When Bernie Madoff’s multibillion-dollar Ponzi scheme exploded two years ago, thousands of victims saw their financial reality vaporized. Now, some have organized with PR and lobbying teams to work Capitol Hill to make sure it never happens again.
The Network for Investor Action & Protection, which began last year with about 200 members, now boasts about 1,000.
“The key takeaway is what happened to Madoff’s victims ... will and could happen again unless significant actions are taken,” said the network’s president, Ron Stein. “The entire investor-protection regime has failed investors terribly and is in desperate need of comprehensive overhaul.”
For years, many of Stein’s relatives had invested with Madoff.
To push for an overhaul, the network has hired PR gurus Phil Singer, a Democrat, and his Republican partner, Ron Bonjean. And the group has brought on the lobbying firm Smith-Free Group, which is working pro bono to take its pitch to members of Congress.
The message: While the Wall Street reforms that President Barack Obama signed into law this summer helped correct many of the industry’s systemic problems, consumer protections still need to be strengthened.
The network is pushing to reform the Securities Investor Protection Corp., which processes the claims of Madoff’s victims. The corporation is charged with restoring funds to investors with assets in bankrupt or financially troubled brokerage firms — and, in most cases, is required to reimburse victims up to $500,000 for their losses.
But Stein and his group take issue with how it’s calculating the value of each investor’s account. Victims have pushed for the corporation to use account balance statements to determine values. But the corporation argues that those figures include fictional profits.
Instead, the corporation subtracts the amount invested in the account from the amount paid out to determine how much the account is worth.
For instance, if a victim invested $100,000 and withdrew $50,000 during the life of the account, it would be valued at $50,000, no matter what a fraudulent account statement might say.
But if a victim invested $100,000 and took out $200,000 over the life of the account, the victim would have to pay back $100,000 under the corporation’s rules.
“It’s devastating for an investor who lost everything to then have to give money back,” Stein said.

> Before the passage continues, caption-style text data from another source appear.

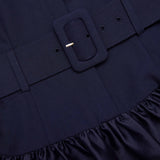 naomi Navy Belted Twill Midi Dress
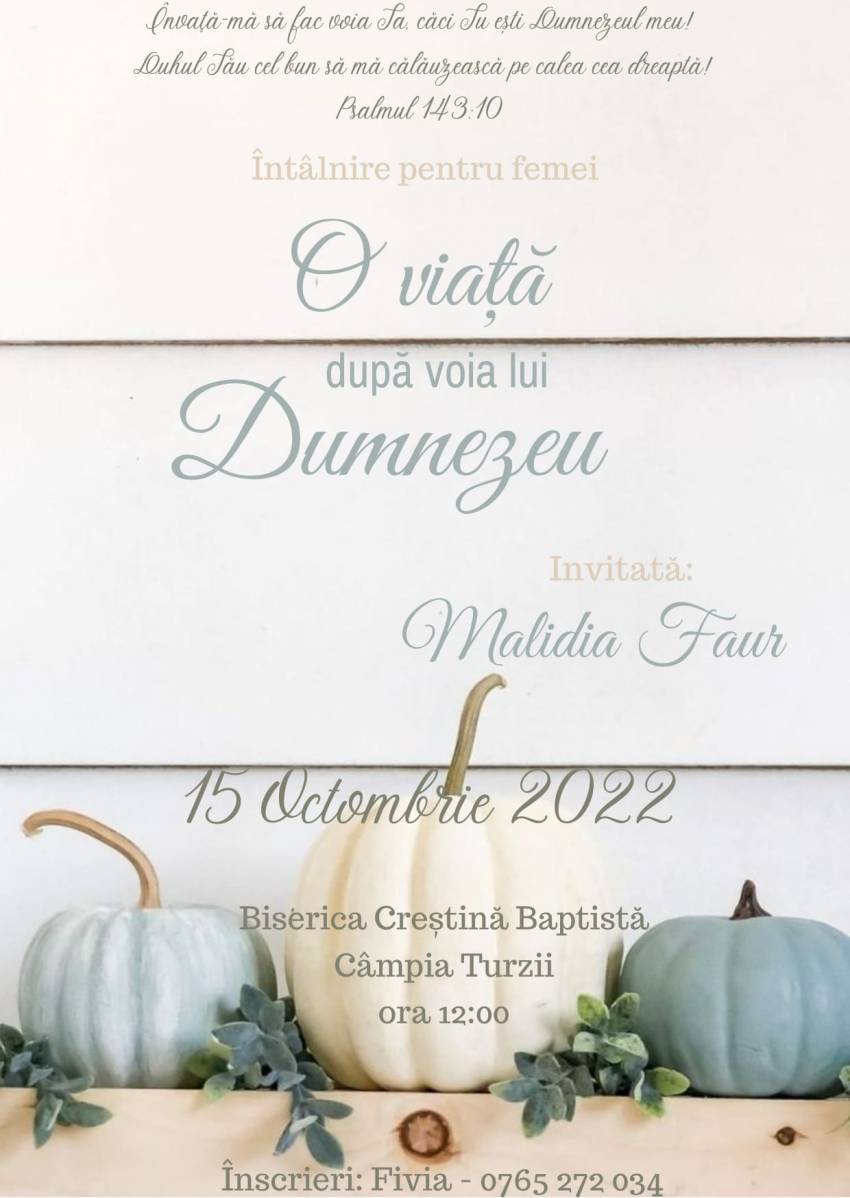 Întâlnire pentru femei cu Malidia Faur la Biserica Baptistă Câmpia Turzii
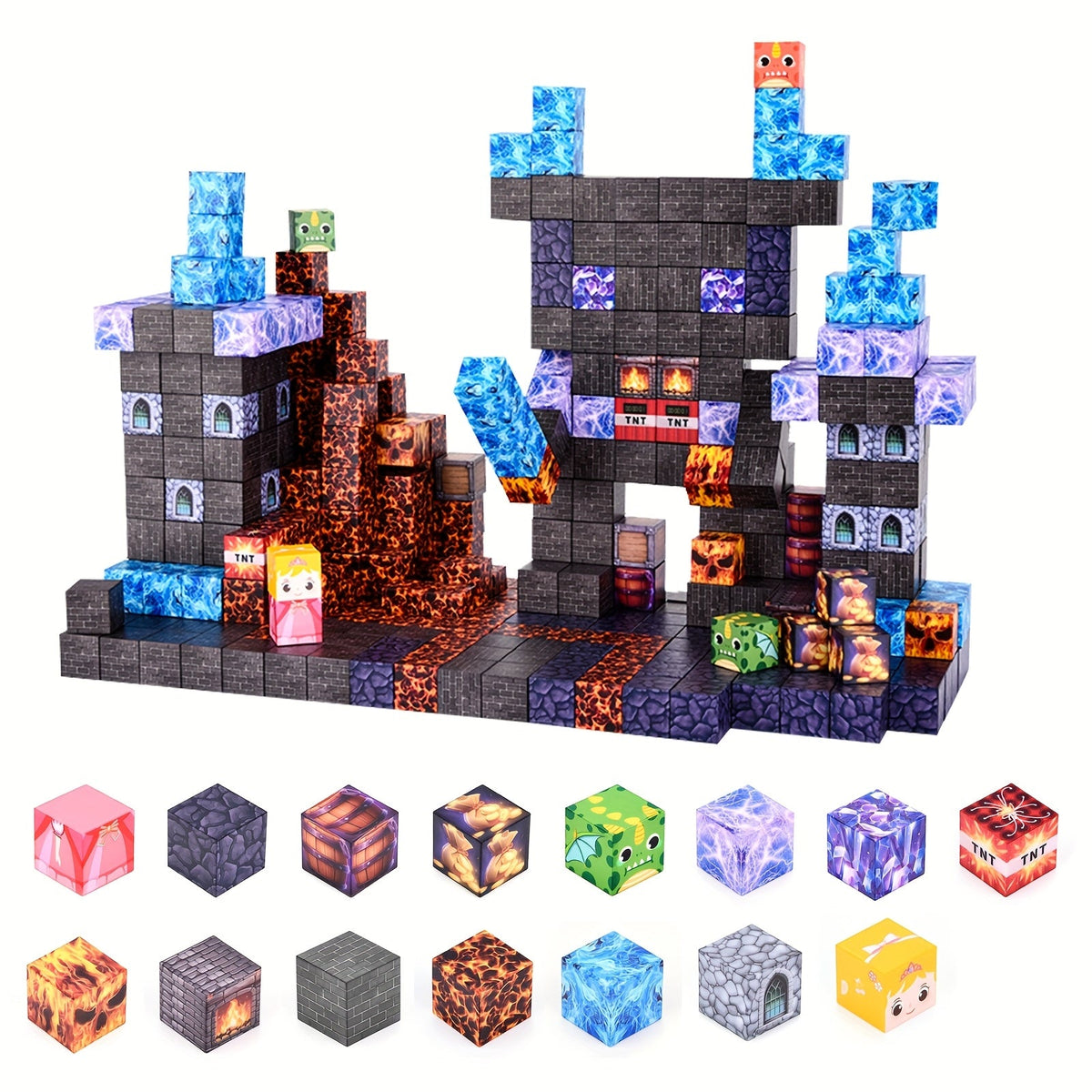 Magnetic Building Blocks Kit 100 or 162 Pieces - STEM Educational Magnetic Tiles Construction Set for Kids Boys and Girls, Creative 3D Building Toy, Birthday Easter Christmas Gift for Children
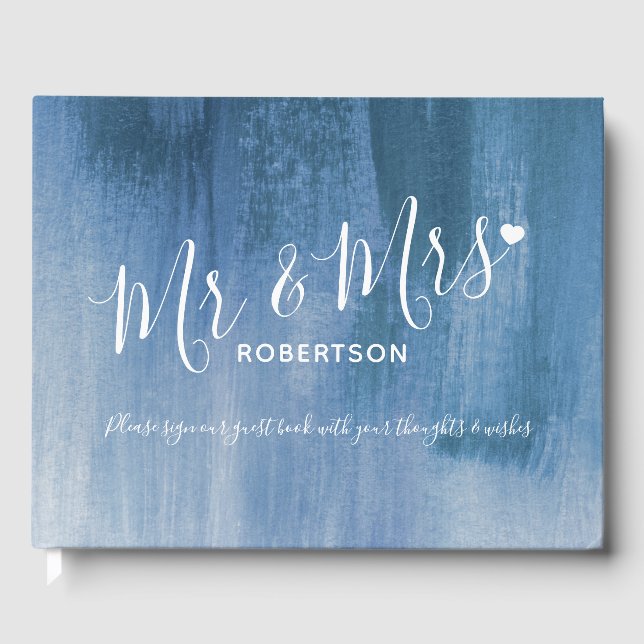 Gray blue modern art custom wedding guest book (Front)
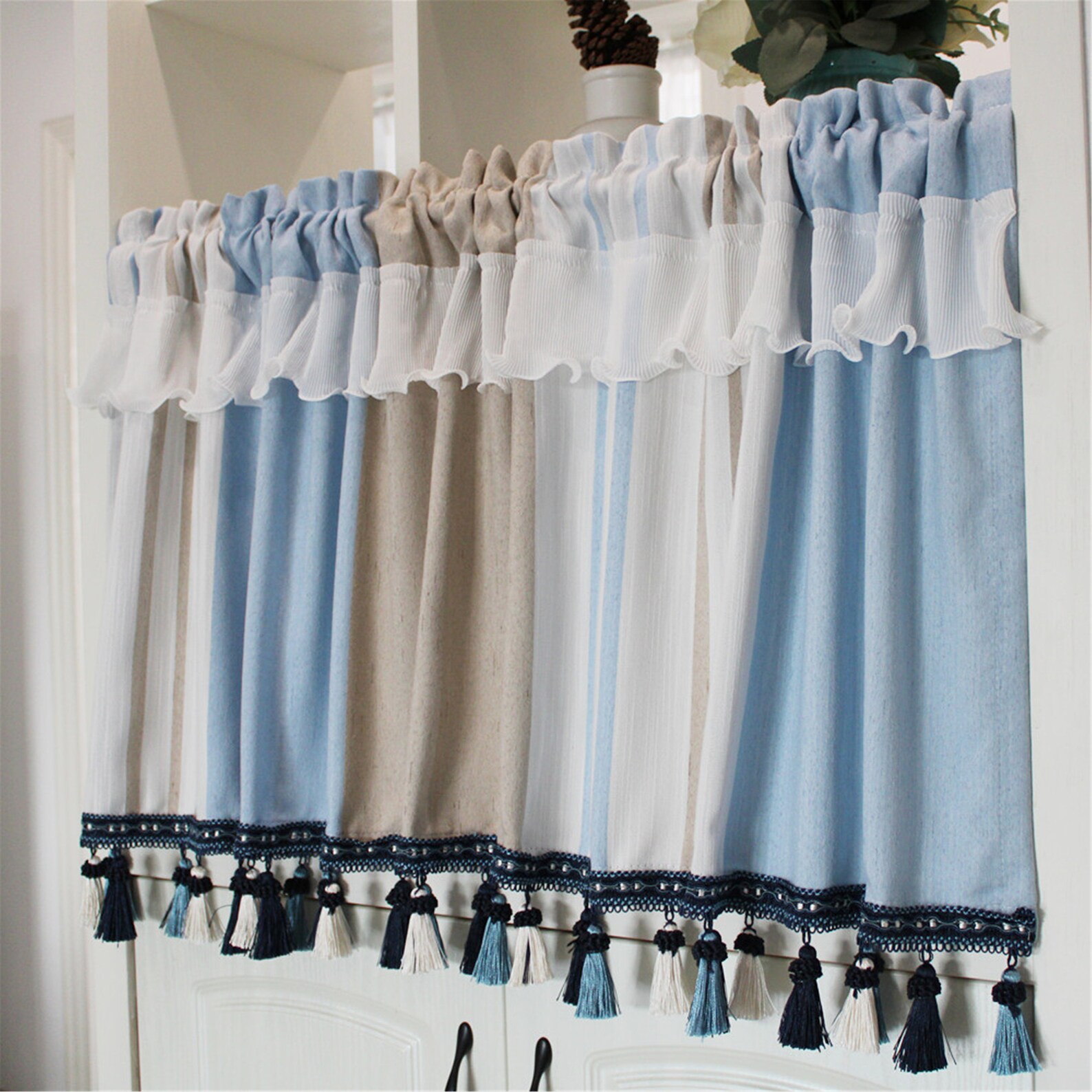 Blue Cotton Curtains For KitchenBoho Sheer Curtains Etsy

Stein’s network is championing a bill sponsored by Rep. Gary Ackerman (D-N.Y.) that would prevent the corporation from taking back assets from investors who were unknowingly defrauded. The prohibition would be retroactive to cover Madoff’s victims.
“This legislation would provide added relief and much-needed protection to victims of Ponzi schemes who’ve suffered from unimaginable devastation caused by the unconscionable greed of people like Bernie Madoff and others,” Ackerman said when the bill was introduced. “It is essential that Congress provide these critical protections to assist victims of Ponzi schemes and restore investor confidence to our financial markets.”
Last week, the House Financial Services Subcommittee on Capital Markets held a hearing to assess the shortcomings of the law that created the SIPC. And the panel’s chairman, Rep. Paul Kanjorski (D-Pa.), had some tough words for the corporation.
“The victims of these frauds believe that SIPC has fallen short in meeting its responsibilities, and they want more change. I do, too,” he said. “In any serious efforts to reform [the law], we must also consider what responsibility SIPC has to honor the broker statements that customers receive. SIPC has denied the claims of customers based on the seemingly legitimate paperwork provided to them by their brokers.”
The corporation opposes Ackerman’s bill. SIPC President and Chief Executive Officer Stephen Harbeck argued that it would harm those “most damaged” by Madoff.
The money that is taken back from investors, Harbeck said, is used to ensure that those left with nothing see fair restitution, putting victims on equal footing. Using the formula of money invested minus money withdrawn is “the way we have always treated fictional profits,” he said.
For example, Harbeck said, suppose two victims deposited money with Madoff on the same day. One of the investors withdraws all his money, including fictional profits, a week before the scheme comes crashing down. The other doesn’t.
“What the trustee is trying to do,” Harbeck said, “is to make sure that one person is not trying to take away, in essence, money that is stolen from the other person.”
The trustee charged with ruling on the claims, Harbeck said, has no interest in forcing retired people who lost everything to pay the money back.
“The trustee is not insane. He’s not going after grandma,” Harbeck said. “If you’ve been living on it, go in peace. ... We have no intention of persecuting people.”
Nonetheless, Smith-Free Group lobbyist Andy Barbour has called the corporation’s formula “insane.”
“You might as well just rip the net out from under the investor protections in this country, because it’s not worth anything,” he said.
Barbour argued that because people paid taxes on fraudulent statement balances, there’s a reasonable expectation that the value of their accounts would be based on their statements.
“If it’s good enough for the IRS,” he said, “it should be good enough for SIPC.”